Chitral’s annual river flows will respond differently from Nowshera. The annual river flows will decrease to 308 m3.s−1 from 385 m3.s−1 at this station. This drop can be attributed to the glacier retreat because this subbasin hosts the largest mass of glaciers in the entire Kabul River basin. Similarly, the Chitral’s glacier flows will drop from 201 m3.s−1 to 86 m3.s−1. The rainfall and snow hydrographs will follow the trends of their corresponding runoff components at Nowshera (Table 3).
At Nowshera, both increasing and decreasing trends in the annual river flows have been reported by [10,33].
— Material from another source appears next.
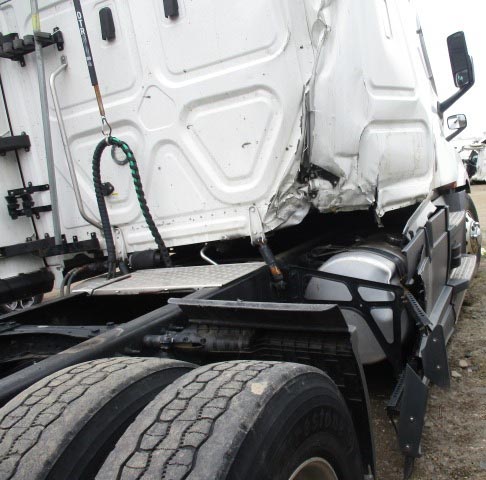 2022 Freightliner Cascadia - Image 8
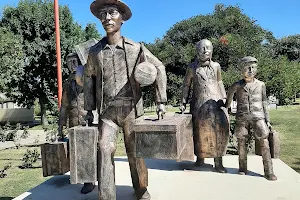 Monumento Del Bicentenario image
3.5. Change in Flood Hazards

The increase in precipitation in the future will translate into higher flood intensities (Figure S3). To evaluate the change in the inundation extent, the maximum, 90th, 50th, and 10th percentiles of flood extents for the present and future are compared in Figure 6. The bottom panel of the figure shows the differences between the future and present according to the corresponding percentiles. All four experiments have projected mixed trends of increase and decrease in the future. For example, the maximum percentile has shown an increase in the depth (up to 0.1 m) across the basin except MRI-AGCM c0, which has shown a decrease in the depth by 0.05 m. The 50th and 90th percentiles have projected a decrease in the inundation depth in Chitral across the four scenarios while projecting an increase in the western region and floodplains upstream of Nowshera up to 0.25 m. Unlike the 50th and 90th percentiles, the 10th percentile inundation shows an increase in the depth of floods in the Chitral. This increase in the Chitral is more variable in magnitude, i.e., 0.05 m to 0.25 m. It can be implied from the patterns that the mountainous northern zones, i.e., Chitral, will experience high-frequency but low-intensity floods, whereas the southern zones will face low-frequency but high-intensity flood events in the future. The increase in flood magnitude up to 18–40% and occurrences of river flows above 5000 m3.s−1 will be more frequent in the Kabul River basin [33].
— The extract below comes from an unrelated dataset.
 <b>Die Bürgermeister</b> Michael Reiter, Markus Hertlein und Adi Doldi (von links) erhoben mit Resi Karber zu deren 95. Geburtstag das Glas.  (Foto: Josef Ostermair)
This study also highlights a significant shift in the occurrences of the flood peaks, i.e., the probability of occurrence of inundation will be higher in May than in July–August because of higher runoff generation in spring. A similar trend is reported by [5], where the return period of the 50-year period will reduce to 3 to 24 years in the mid and late century. Furthermore, [6] also reported an increase in the frequency of flood events in the region.
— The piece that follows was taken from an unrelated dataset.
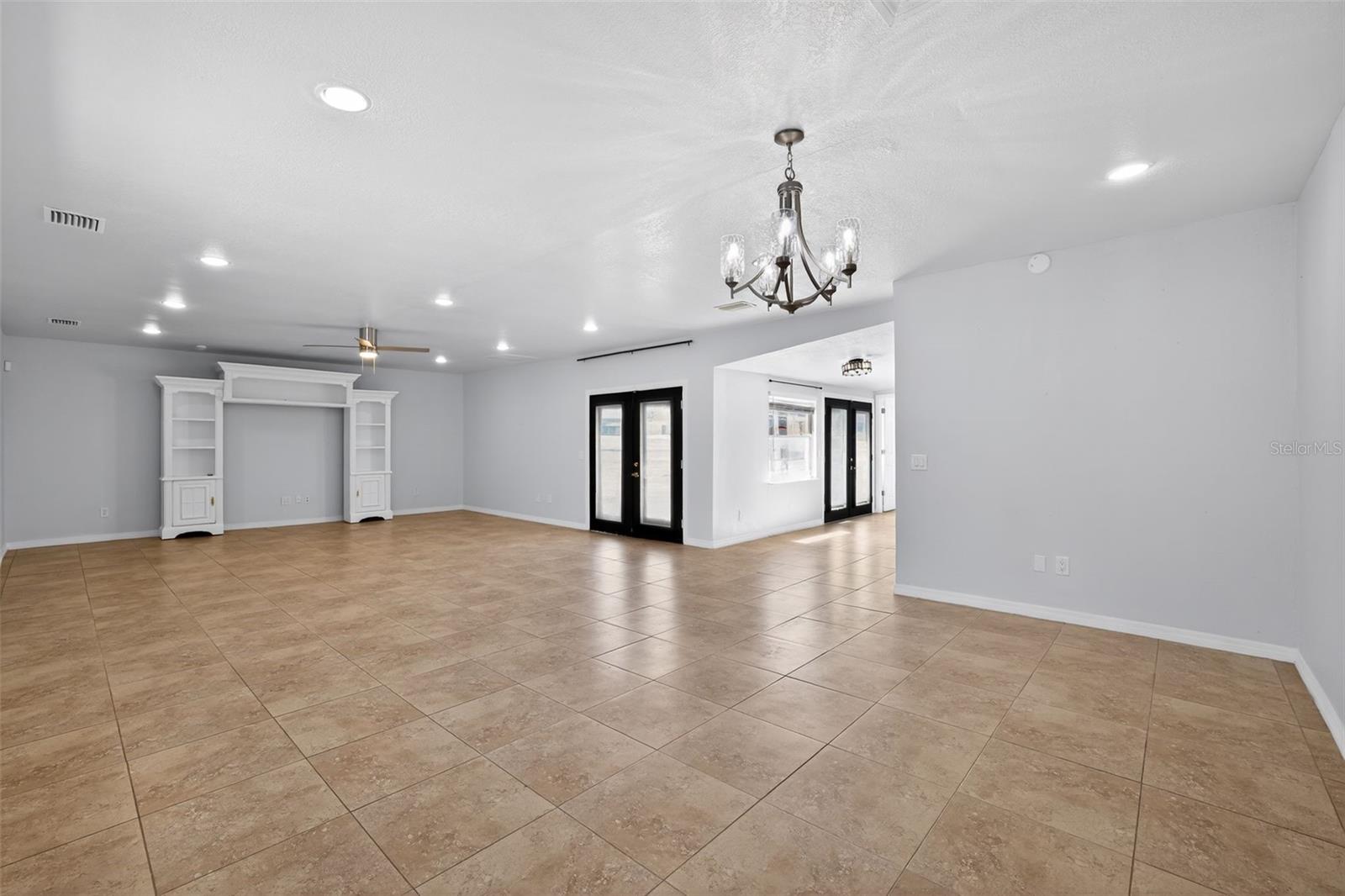ZEPHYRHILLS COLONY CO - Residential Lease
Due to the abundant river flows, steep slopes, and large population, the Kabul River basin has always been an ideal spot for hydropower plants. Several reservoirs and run-of-river (RoR) power stations are already located in the basin [15,34]. In this study, two stations are selected for the evaluation of hydropower potential. The sites (Ayun and Kedam) are up and downstream of the Chitral sub-basin (Figure 2). Ayun has an estimated discharge of 20 m3.s−1 and a head of 187 m, while Kedam has an average discharge of 3 m3.s−1 and a head of 580 m [34]. An assumption is made that the sites are RoR because of the low discharges and heads. For the quantification of the hydropower, the following equation is used:
P = γ · Q · H
where P is the power (watts), γ is the specific weight of the water (9.81 kN/m3), Q is the discharge (m3.s−1), and H is the head (m) [35]. Figure 7 shows the daily duration curves at both sites; the low flows at the sites will remain above the present values, which indicates that hydropower potential will be higher in seasons of low flows, i.e., winter. At Ayun, the hydropower will increase to 88 × 106 watts from 86 × 106 watts, while in February–May, it will change by +25% and in June–September by −53%. At Kedam, the power will increase to 16 × 106 from 12 × 106, while changes will be +46% and −60% in the spring and summer, respectively. [15] projected that hydropower in the basin will increase by 1.4% to 1.7% in the mid- to late century. However, because of uncertain precipitation trends, significant variations in the projections have also been reported.

4. Conclusions

The Kabul River basin is a lifeline for millions of people in Pakistan and Afghanistan. The runoff generated by the rain, snow, and glacier melt has provided vital services to the ecology and for the survivability of humans. Due to the remoteness of the region and conflicts, enough information on water availability and disaster risks is not available. Some efforts have been made in the recent past to understand hydro-climatology and flood risks. This study explains the vital hydrologic characteristics along with the flood hazards and hydropower potential in more detail.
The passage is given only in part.